Daily Yonder graphic/Bureau of Labor Statistics

Ten years after the beginning of the great economic depression in December 2007, rural America still hasn’t recovered. Rural counties count 770,000 fewer jobs in October 2017 than they had in 2007, according to the Bureau of Labor Statistics.

A comparison of the geography of jobs in 2007 and October 2017 reveals how unequal the recovery has been. The map above shows whether counties have more or fewer jobs today compared to 2007. Blue counties are in metropolitan areas and have gained jobs in the last ten years. Orange counties are metro areas that have yet to get back to the employment levels before the recession began.

Green counties are rural and had more jobs this October than they had in 2007. Red counties are rural that have fewer jobs now than before the recession began in 2007. (You can see how each county fared in the map below, or use the full-page version.)

Cities have done much better than rural areas in recovering from the recession, which officially began in December 2007 and ended in June 2009. Only 40 percent of urban counties have fewer jobs now than in 2007.

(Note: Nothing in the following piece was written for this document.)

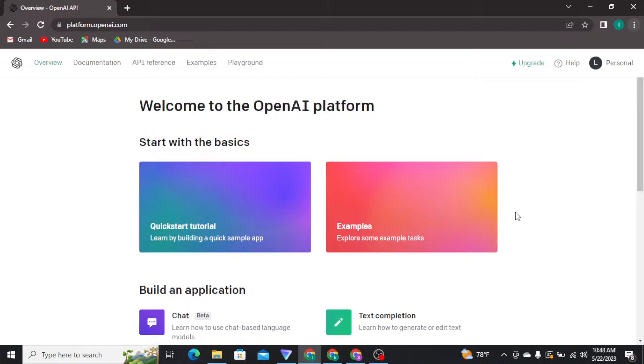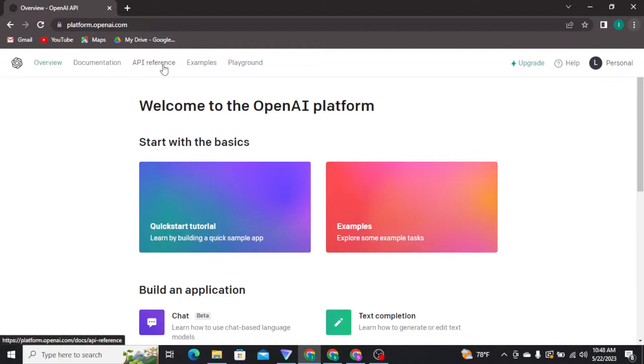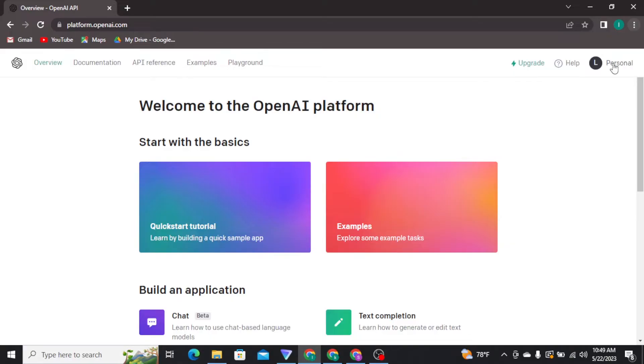Now let's get into the video. In order to change your payment method, firstly you have to get logged into your account. Once you're logged in, you'll be able to see this type of interface on your screen. From here, you have to tap on the personal button at the top right corner of your screen.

In rural America, however, two-thirds of the counties had fewer jobs in October than in 2007.

Job growth has been particularly concentrated in the nation’s largest metropolitan areas. There are just over 9 million more jobs in the U.S. now than in 2007, but 87.5 percent of that gain has been in urban areas of a million or more people.

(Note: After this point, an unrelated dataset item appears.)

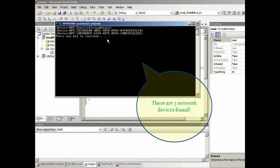And then your console, since we are building a console program. So this, the console output, one, two, three, three devices. So there are three network devices found in this computer. And that's all I have today.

The ten counties with the largest gains added just over 2.1 million jobs. Those counties included Harris, Tarrant, Dallas, Bexar and Travis in Texas; Los Angeles, Santa Clara and Riverside in California; Maricopa in Arizona and Kings County in New York City.

Rural counties, meanwhile, lost 770,000 jobs. Pike County, in Kentucky’s coal country, lost over 5,000 jobs. Chautauqua County in New York has lost over 11,600 jobs since 2007.

Unemployment rates in rural and urban America were low in October of this year, averaging at or below four percent. Those rates are lower than in 2007, when unemployment rates were at or above 4.5 percent.

Rural unemployment rates have dropped, however, not because there are more jobs, but because the total workforce has shrunk. Since 2007, the total number of people working or looking for a job in rural counties has dropped by nearly 1.1 million people.

In the last year, the number of jobs has increased in rural counties. From October 2016 to October of this year, the number of jobs in rural counties has increased by fewer than 200,000.

Still, however, job growth rates in cities of a million or more in the last year are twice what they are in rural America as a whole.

And the workforce in rural America continued to decline (by 27,000 people) in the last year.